Martin SleziakA few days ago the tag upper-semicontinuity was created and later removed. This lead to a discussion about this tag in the tag management thread. As suggested by Asaf, it might be more reasonable to discuss this in a separate question. (Among other reasons, there are more then one possible outcom...

 
@AlexRavsky As you can see above, the discussion now has moved to a separate question.
I just wanted to let you know about this - in case you want to joint the discussion on meta.
@AsafKaragila I am pretty sure you will notice the new post on meta, but I'll ping you just in case to let you know that now there is a separate posts about semicontinuity.
There is already enough comments under the answer in the tag-management thread - which is the reason why I pinged you in chat instead of adding a new comment.
 
1:57 PM
@MartinSleziak Who do you think cast the first vote on the question? (Not taking stance on the answer just yet.)
 
That was my guess.
Of course, votes are anonymous, so I couldn't be sure.
 
 
6 hours later…
7:34 PM
The problem with using the same tag for semicontinuous functions and semicontinuous multifunctions is that the terminology is inconsistent here. If we identify a function with a multifunction that happens to have singletons as values, the function is upper-semicontinuous as a multifunction iff it is lower-semicontinuous as a multifunction iff it is continuous as a function. Indeed, that is the reason why many people (including me) prefer to talk about hemicontinuity in the case of multifunctions. — Michael Greinecker ♦ 1 hour ago
@MichaelGreinecker As I said, I am pretty sure that both names are commonly used for multifunctions. Your suggestion would be to have a separate (hemicontinuity) tag - which would be for multi-valued functions? — Martin Sleziak 1 hour ago
@MartinSleziak Yes, I would have a tag for semicontinuous functions, but not multifunctions. I don't know whether we need to have a hemicontinuity tag for multifunctions, but I don't think we should have an umbrella talk for clearly distinct concepts. It would be like having a "regular" tag that covers every use of regularin mathematics. — Michael Greinecker ♦ 31 mins ago
@MichaelGreinecker It is a valid point. (Although I think that using the same tag for corresponding notions for functions and multifunctions is much less extreme than you example with "regular".) Why not posting a separate answer suggesting a tag that would exclude multifunctions. (So that it is possible to vote on that suggestion and see what other users thing about these two suggestion.) — Martin Sleziak 4 mins ago
@MartinSleziak I interpreted your suggestion of having a tag for"semicontinuous functions" to already exclude multifunction. The regular case is of course extreme, but it was my impression that similarly named but distinct concepts should have distinct tags. — Michael Greinecker ♦ 1 min ago
@MichaelGreinecker Since this is getting a bit too long, why don't we continue the discussion in chat. — Martin Sleziak just now
It seems that I expressed it somewhat unclearly, but my original suggestion was to have a tag which would include both functions and multifuctions.

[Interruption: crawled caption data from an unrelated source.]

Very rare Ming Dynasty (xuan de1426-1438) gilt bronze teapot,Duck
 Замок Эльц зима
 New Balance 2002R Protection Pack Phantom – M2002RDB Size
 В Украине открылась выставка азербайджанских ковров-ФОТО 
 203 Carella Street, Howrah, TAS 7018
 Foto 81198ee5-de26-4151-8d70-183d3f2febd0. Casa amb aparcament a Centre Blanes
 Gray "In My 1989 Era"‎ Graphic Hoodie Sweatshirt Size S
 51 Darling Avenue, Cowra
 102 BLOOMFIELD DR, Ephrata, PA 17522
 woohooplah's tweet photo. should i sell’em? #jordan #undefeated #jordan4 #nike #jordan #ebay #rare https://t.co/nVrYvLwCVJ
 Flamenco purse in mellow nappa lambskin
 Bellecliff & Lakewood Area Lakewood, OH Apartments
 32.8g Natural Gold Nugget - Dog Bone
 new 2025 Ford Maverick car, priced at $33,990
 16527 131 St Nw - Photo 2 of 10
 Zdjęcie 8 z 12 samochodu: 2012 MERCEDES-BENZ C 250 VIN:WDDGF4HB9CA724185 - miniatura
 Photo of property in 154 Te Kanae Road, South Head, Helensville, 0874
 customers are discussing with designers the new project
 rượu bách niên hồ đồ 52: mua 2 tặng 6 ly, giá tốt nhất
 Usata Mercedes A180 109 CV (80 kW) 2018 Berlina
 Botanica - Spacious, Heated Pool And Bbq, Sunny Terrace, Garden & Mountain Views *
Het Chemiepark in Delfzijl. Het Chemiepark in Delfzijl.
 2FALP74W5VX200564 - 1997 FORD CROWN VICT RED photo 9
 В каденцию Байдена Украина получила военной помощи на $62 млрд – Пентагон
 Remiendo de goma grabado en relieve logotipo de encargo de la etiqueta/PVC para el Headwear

My main concern - and the reason why I suggested to make a separate answer - is that there are already three upvotes for the current version. (Which was the suggestion to include both functions and multifunctions.)
So this would feel a bit like changing in the middle of voting the "poll question".
Of course, we do not know whether the suggestion to include multifunctions influenced these votes that much. (Most likely not.)
 
@MartinSleziak One upvote was by me, under the impression that it applies to functions.
 
Fair enough.
That clears up at least one of them.
I guess one might be from Vim, who clearly stated in a comment that they do not care that much about hemicontinuity.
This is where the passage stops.